Grâce aux éditions Demopolis, nous pouvons revisiter le texte de Mussolini, "Le Fascisme", pour comprendre l’histoire et aujourd’hui...
Nationalisme. Fascisme, fascistes, fachos. Des sombres «matins bruns» aux «retours aux années 1930» ressassés çà et là périodiquement, hurlons-nous trop aux loups? Ces mots ont-ils encore un sens exact, précis, référencé? En somme, qu’est-ce que le fascisme? Quelle en fut la doctrine politique? Dans quelles circonstances historiques émergea-t-il? Et surtout, quel rapprochement opérer avec aujourd’hui? Les livres de salubrité publique sont trop rares pour les passer sous silence. Les éditions Demopolis publient cette semaine, non sans courage, l’intégralité du tristement célèbre texte de Mussolini "le Fascisme" (104 pages, 12 euros), écrit en 1932 pour "la Nouvelle Encyclopédie italienne". Il constituait à l’époque le début de l’article «Fascisme», paru en France en 1933 chez Denoël, l’éditeur du "Voyage au bout de la nuit" de Louis-Ferdinand Céline et d’auteurs comme Rebatet ou Brasillach. Pour la présente publication, Demopolis ne nous laisse pas sans repères. Outre un «avertissement aux lecteurs», dans lequel nous sommes invités à ne jamais oublier que «des crimes contre l’humanité ont été commis en application de cet ouvrage» et que «les manifestations actuelles de haine et de xénophobie participent de son esprit», deux spécialistes ont été requis pour commenter, en préface et en postface, ces lignes qui ont accouché du pire au XXe siècle: Gérard Mordillat, écrivain et cinéaste, et Hélène Marchal, historienne et traductrice. «La publication de ce livre, écrivent-ils en préambule, doit permettre aux lectrices et lecteurs curieux, et parfois inquiets des évolutions du monde contemporain, de se forger leur propre opinion.» Voilà bien le défi. Et l’importance de savoir de quoi il s’agit précisément. Ainsi, le fascisme est une forme particulière de nationalisme, car «il n’y a pas de fascisme sans nationalisme mais il y a différentes formes de nationalisme qui ne sont pas du fascisme». De même, attention aux contresens: contrairement au libéralisme, le fascisme selon Benito Mussolini est une forme de nationalisme qui exalte le rôle central de l’Etat («l’État fasciste est une force, mais une force spirituelle qui résume toutes les formes de la vie morale et intellectuelle de l’homme», écrivait le dictateur), tout en affichant un programme social et en se prétendant «ni de droite ni de gauche», ce qui ne manque pas de nous rappeler beaucoup de débats en cours. Vous suivez notre regard?

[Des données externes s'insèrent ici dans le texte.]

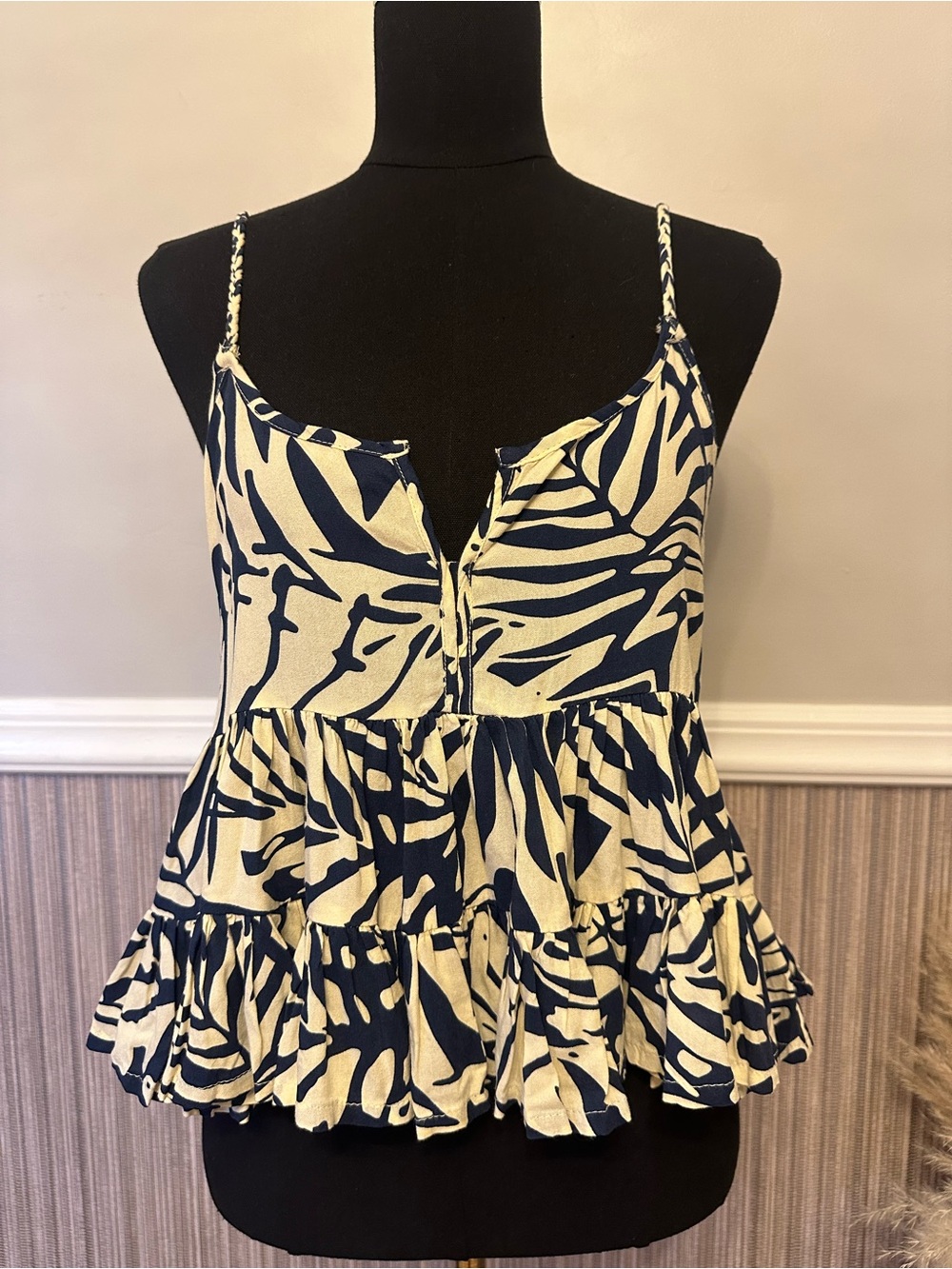 Patrons of Peace Tropical Leaf Tiered Peplum Cami Tank Medium Boho Rayon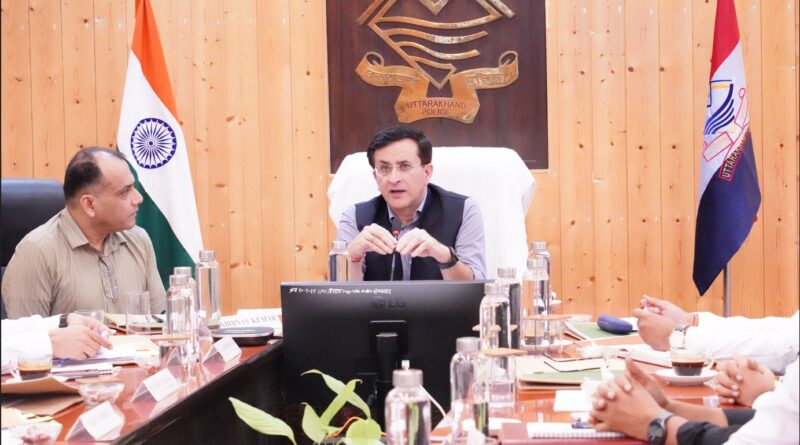 पुलिस महानिदेशक दीपम सेठ ने बैठक कर आतंकवाद निरोधी नीति ‘प्रहार’ को धरातल पर उतारने पर दिया जोर, सोशल मीडिया पर 24 घंटे निगरानी की हिदायत पुलिस महानिदेशक दीपम सेठ ने बैठक कर आतंकवाद निरोधी नीति ‘प्रहार’ को धरातल पर उतारने पर दिया जोर, सोशल मीडिया पर 24 घंटे निगरानी की हिदायत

Mordillat et Marchal expliquent très bien que le Front national de Jean-Marie Le Pen, héritier de Poujade, se voulait nationaliste, anti-étatiste et syndicalophobe. L’arrivée à la tête du FN de Marine Le Pen et de Florian Philippot change radicalement la donne et opère une véritable volte-face. La question de l’État devient donc l’enjeu d’une bataille idéologique. «Le FN, argumentent-ils, tente de réaliser l’union nationale de toutes les classes sociales en reprenant le vieux slogan fasciste: “Ni droite, ni gauche!” Dans le même temps, il s’emploie à mettre à distance l’antisémitisme et le racisme, les crânes rasés, la violence de rue et les saluts le bras tendu comme à l’époque de Mussolini. Le folklore disparaît, l’idéologie se radicalise.» Prémices. La boucle est bouclée: voici le retour du fascisme de Mussolini, une sorte de postfacisme ou de néofascisme. «Face à l’échec du libéralisme, le nationalisme offre une idéologie de rechange à la bourgeoisie en quête d’une traduction politique de ses craintes et de ses attentes», n’hésitent pas à préciser Mordillat et Marchal, après une longue démonstration passionnante des ressorts de la crise économique et de sa sociologie parmi les classes. Non sans oublier de nous mettre tous en garde. «En France, aujourd’hui, existent les prémices d’un fascisme gouvernant l’action de l’État et des services publics: la police, la gendarmerie, les services de renseignement, l’armée, la justice, les services sociaux…» Un fascisme déjà inscrit au cœur de l’État? En attendant bien pire? [BLOC-NOTES publié dans l'Humanité du 21 octobre 2016.]